▶ **Task inputs**:
==================================================

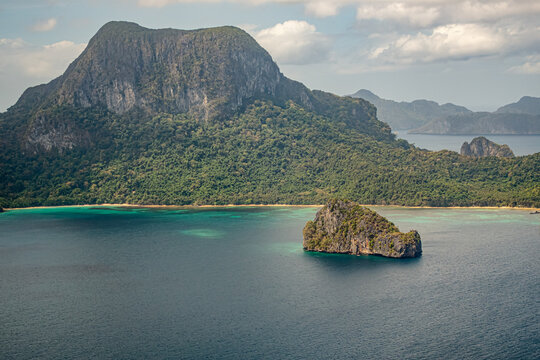Island with rocky formation and tropical greenery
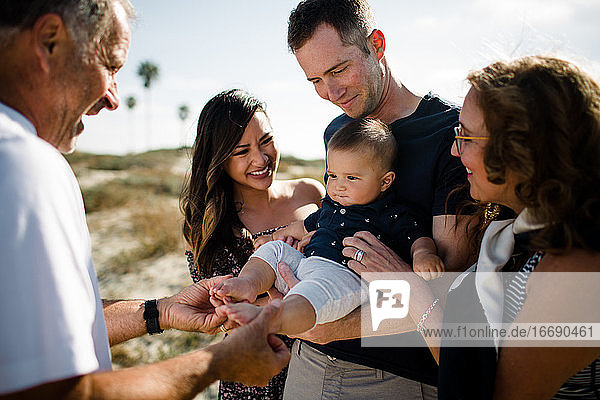 Family Smiles as Dad Holds Baby on Beach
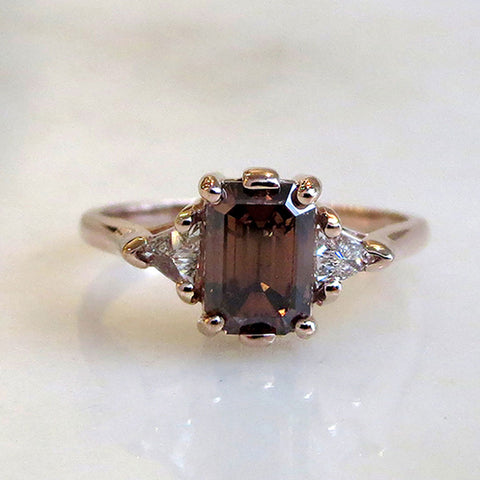 A three stone engagement ring with an emerald shape champagne diamond center stone with two white diamond trillion side stones set in yellow gold on a grey background.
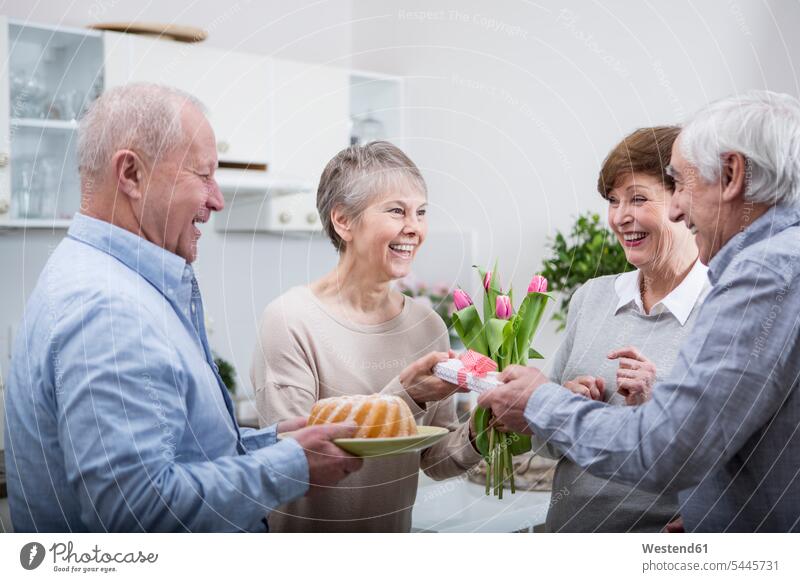 Two senior couples celebrating birthday party present Handing handing over handing out presenting hand over happiness happy senior adults seniors old Birthday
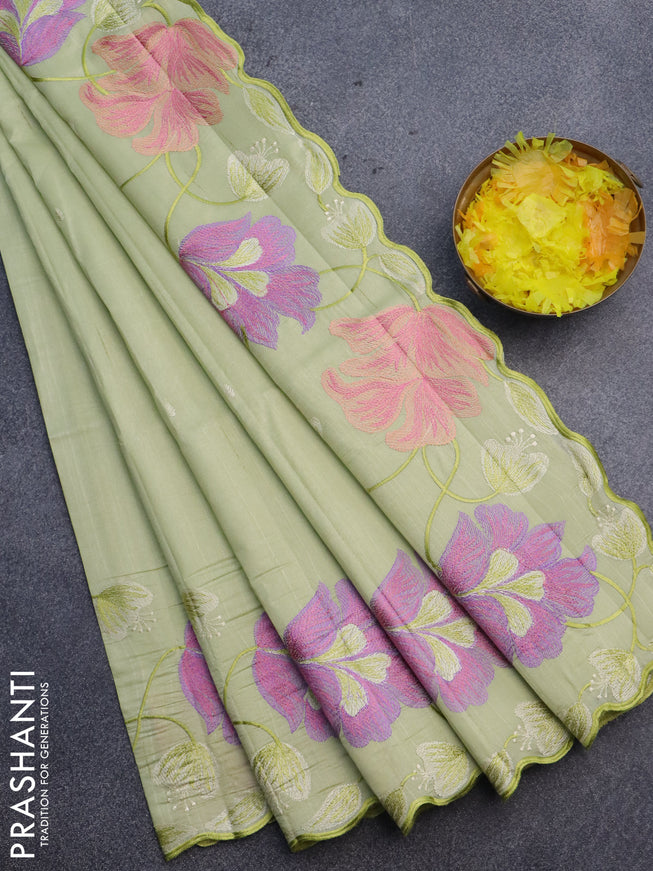 Semi raw silk saree pista green with embroidery work buttas and floral design embroidery work border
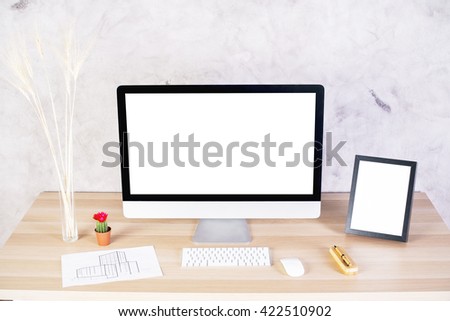 Creative designer desktop with blank white computer screen and picture frame, construction sketch, wheat spikes and other items. Mock up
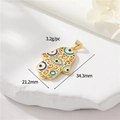Macro detail of 18k gold plated Hamsa hand pendant with blue evil eye enamel and crystals - Hollow Evil Eye Palm (40)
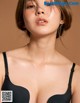A woman wearing a black bra with the words "Nude for you"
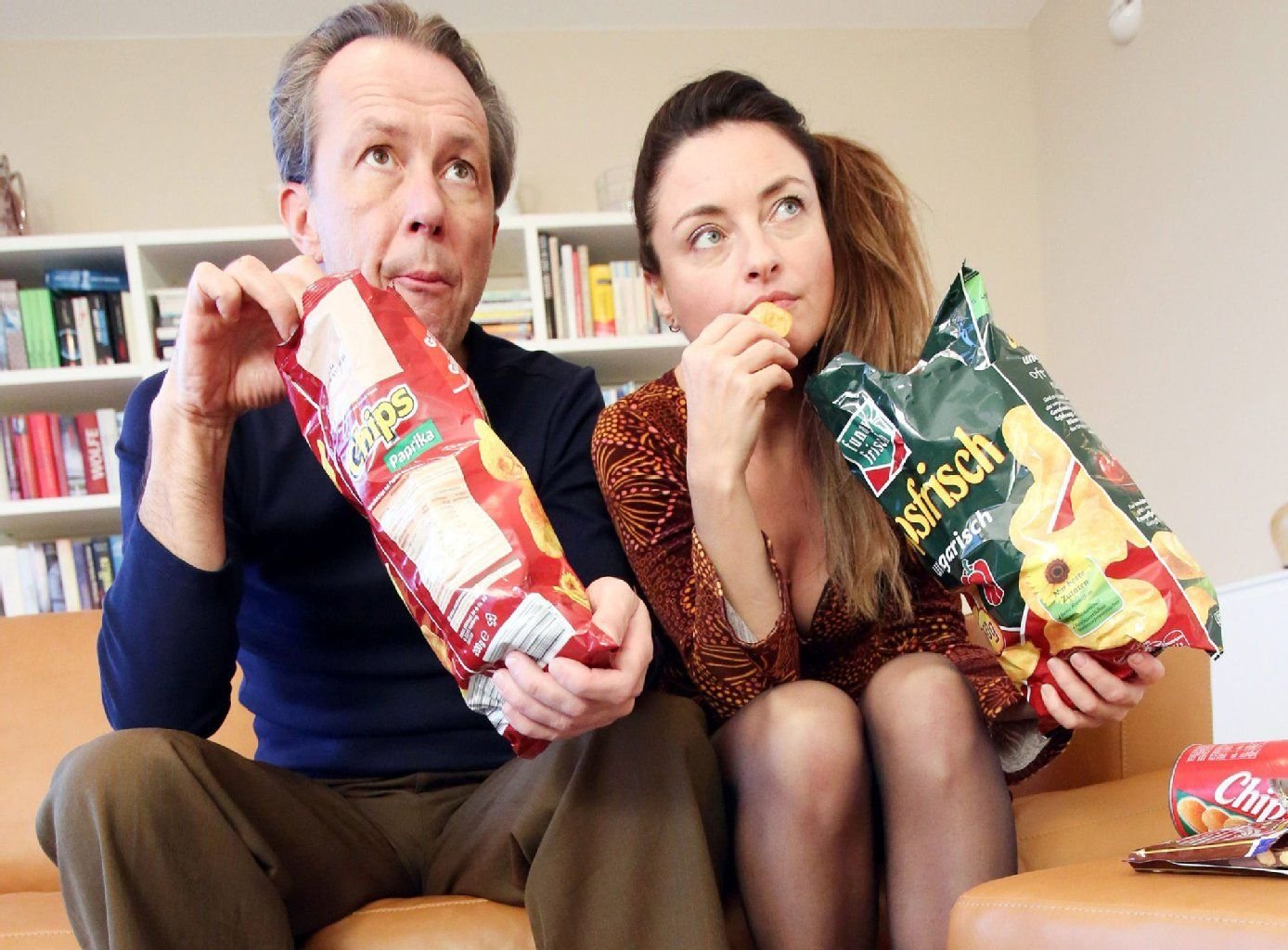 Mit Chips auf dem Sofa. Statt gemeinsam zu versacken, sollten Paare sich lieber zum Teamsport aufraffen.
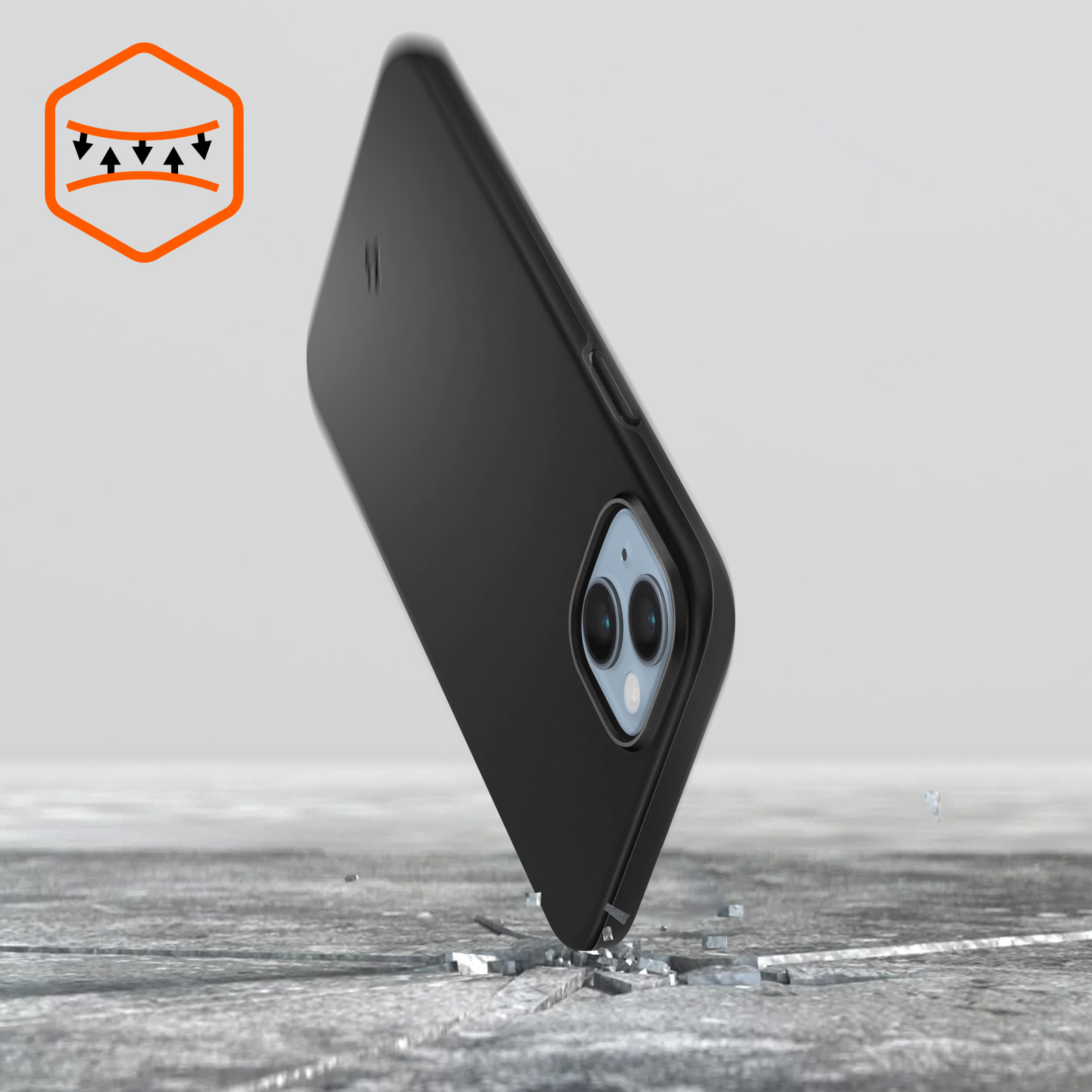 Czarny pokrowiec na telefon chroniący telefon. Telefon znajduje się na szorstkiej, szarej powierzchni. Białe tło.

==================================================

▶ **Assignment**: Nothing but the lines from the one that contains "Macro detail of" through the last line of the material should be written out, exactly. Omit pictures.

▶ **Answer for this exercise**:
Macro detail of 18k gold plated Hamsa hand pendant with blue evil eye enamel and crystals - Hollow Evil Eye Palm (40)
A woman wearing a black bra with the words "Nude for you"
 Mit Chips auf dem Sofa. Statt gemeinsam zu versacken, sollten Paare sich lieber zum Teamsport aufraffen.
 Czarny pokrowiec na telefon chroniący telefon. Telefon znajduje się na szorstkiej, szarej powierzchni. Białe tło.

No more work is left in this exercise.